PSC Insurance Group Limited, in the matter of PSC Insurance Group Limited (No 2)
[2024] FCA 1153
•1 October 2024
FEDERAL COURT OF AUSTRALIA
PSC Insurance Group Limited, in the matter of PSC Insurance Group Limited (No 2) [2024] FCA 1153
File number(s): VID 631 of 2024 Judgment of: NESKOVCIN J Date of judgment: 1 October 2024 Date of publication of reasons: 3 October 2024 Catchwords: CORPORATIONS – scheme of arrangement – second court hearing – orders sought under s 411(4)(b) of the Corporations Act 2001 (Cth) – scheme approved Legislation: Corporations Act 2001 (Cth) ss 411(a)(ii), 411(4)(b), 411(5)(b), 411(10), 411(11), 411(12), 411(17)(b) Cases cited: PSC Insurance Group Limited, in the matter of PSC Insurance Group Limited [2024] FCA 946
Re Amcor Ltd (No 2) [2019] FCA 842
Re Australia and New Zealand Banking Group Ltd (No 2) [2022] FCA 1547
Re Costa Group Holdings Limited [2024] FCA 59
Re Equinox Resources Ltd (2004) 49 ACSR 692; [2004] WASC 143
Re iSelect Ltd (No 2) (2022) 166 ACSR 41; [2022] FCA 1528
ReProbiotec Limited (No 2) [2024] FCA 593
Re Clemenger Group Ltd (No 2) [2023] FCA 974
Division: General Division Registry: Victoria National Practice Area: Commercial and Corporations Sub-area: Corporations and Corporate Insolvency Number of paragraphs: 42 Date of hearing: 1 October 2024 Counsel for the Plaintiff: Mr P D Crutchfield and Ms K A Brazenor Solicitor for the Plaintiff: Maddocks Lawyers Counsel for Rosedale BidCo: Mr B Holmes Solicitor for Rosedale BidCo: Herbert Smith Freehills ORDERS
VID 631 of 2024 IN THE MATTER OF PSC INSURANCE GROUP LIMITED
PSC INSURANCE GROUP LIMITED
Plaintiff
ORDER MADE BY:
NESKOVCIN J
DATE OF ORDER:
1 OCTOBER 2024
THE COURT NOTES THAT:
A.This proceeding concerns a scheme of arrangement between the plaintiff and its shareholders, the terms of which are set out at Annexure A to these orders (Scheme).

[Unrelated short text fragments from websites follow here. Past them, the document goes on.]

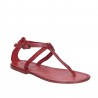 Women's t-strap sandals in red Leather handmade in Italy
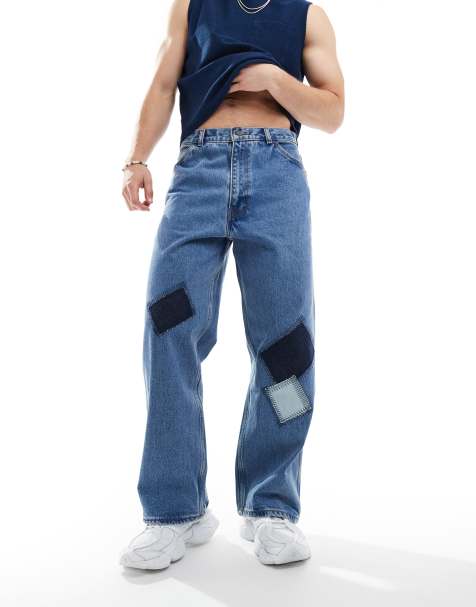 Levi's - Skate - Cropped timmermansjeans in blauw met patchwork - view 1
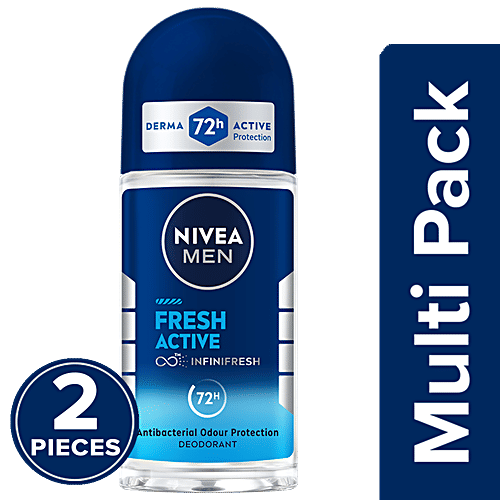 Nivea Fresh Active Roll On, 2x50 ml
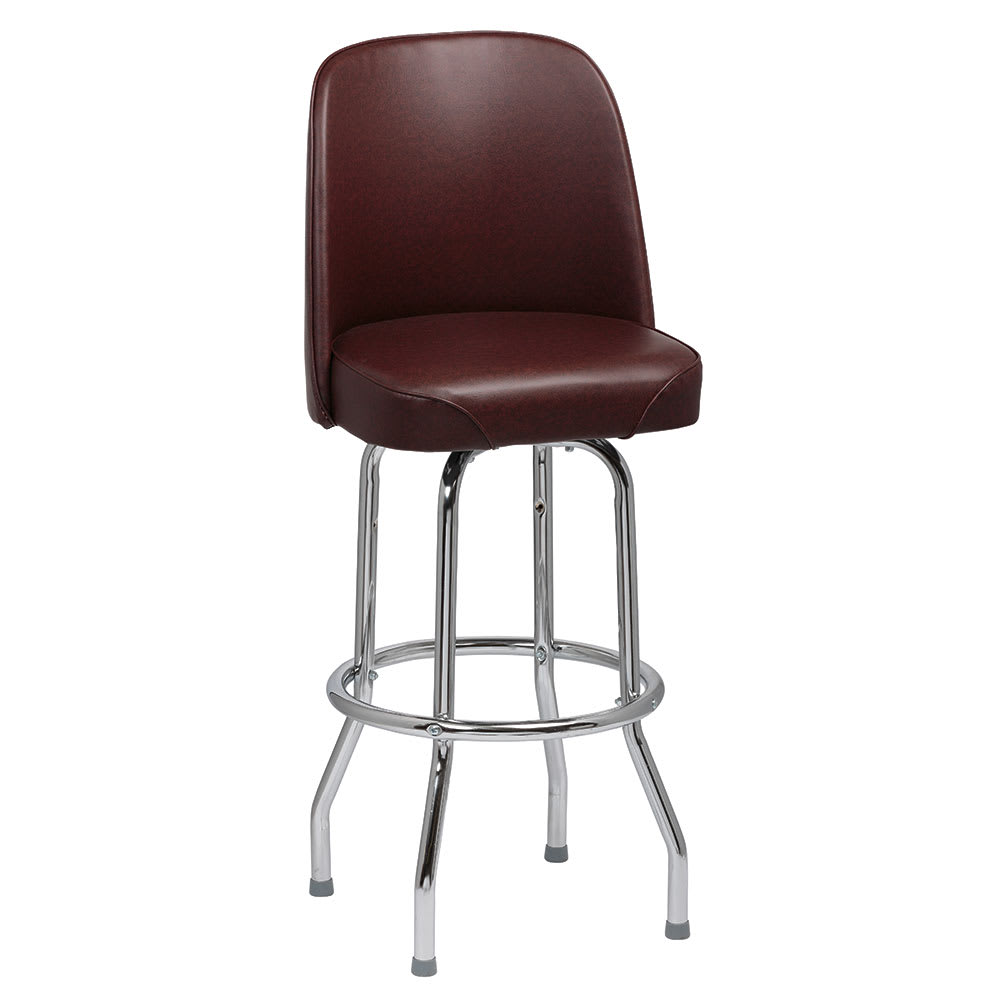 203-ROY7721BRN Bar Stool w/ Solid Back & Brown Vinyl Bucket Seat, Chrome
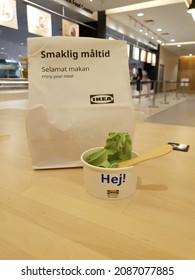 Jakarta Indonesia. December 7, 2021: Food Packaging At The IKEA Food Center Jakarta And A Cup Of Green Ice Cream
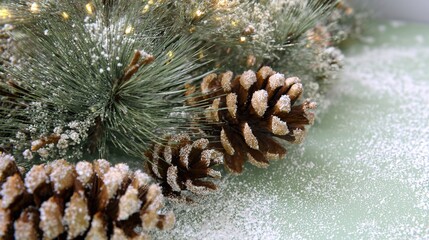 Christmas Corner with Fresh Pine Branches: Detailed Needles, Frosted/Natural Pine Cones, Warm Fairy Lights, Soft Mint Green Matte Background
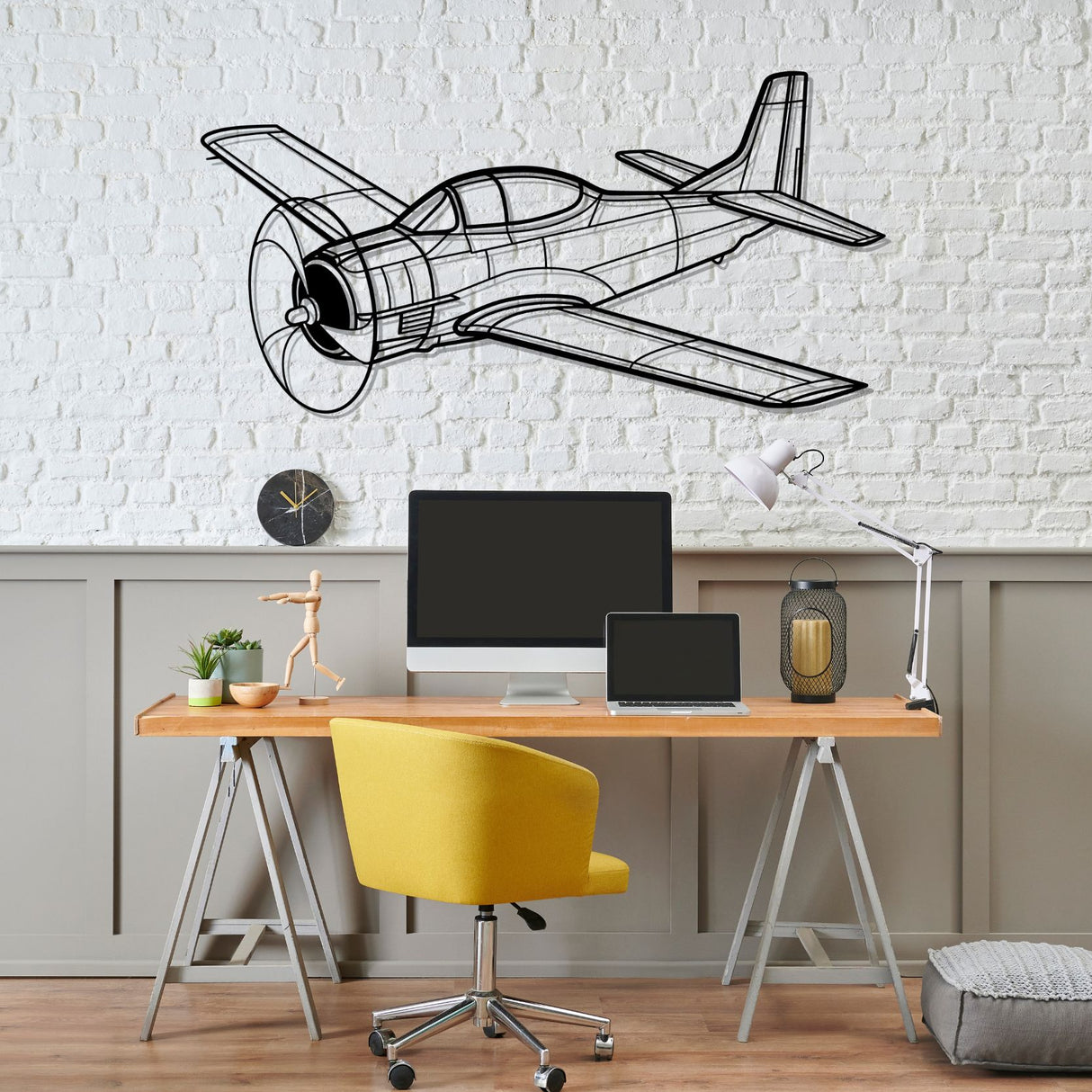 T-28 Trojan Angle Silhouette Metal Wall Art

B.There has been produced to the Court a statement in writing by the Australian Securities and Investments Commission (ASIC) in accordance with s 411(17)(b) of the Corporations Act 2001 (Cth) stating that ASIC has no objection to the Scheme.
THE COURT ORDERS THAT:
1.Pursuant to s 411(4)(b) of the Corporations Act, the Scheme be and is hereby approved.
2.The plaintiff lodge a copy of the Scheme with ASIC at the time of lodging an office copy of these orders under s 411(10) of the Corporations Act.
3.Pursuant to s 411(12) of the Corporations Act, the plaintiff is exempted from compliance with s 411(11) of the Corporations Act in respect of the Scheme.
Note: Entry of orders is dealt with in Rule 39.32 of the Federal Court Rules 2011.
Annexure A
Scheme
[The Order entered is available on the Commonwealth Courts Portal, which attaches the Scheme.]
REASONS FOR JUDGMENT
NESKOVCIN J:
INTRODUCTION
On 21 August 2024, the Court made orders convening meetings of the shareholders of the plaintiff (PSC) (Scheme Shareholders) to consider and, if thought fit, approve the scheme of arrangement set out at Annexure A to the orders of the Court dated 21 August 2024 (First Hearing Orders).
The meetings of General Shareholders and Rollover Shareholders were held on 26 September 2024 (Scheme Meetings). The second court hearing was held on 1 October 2024.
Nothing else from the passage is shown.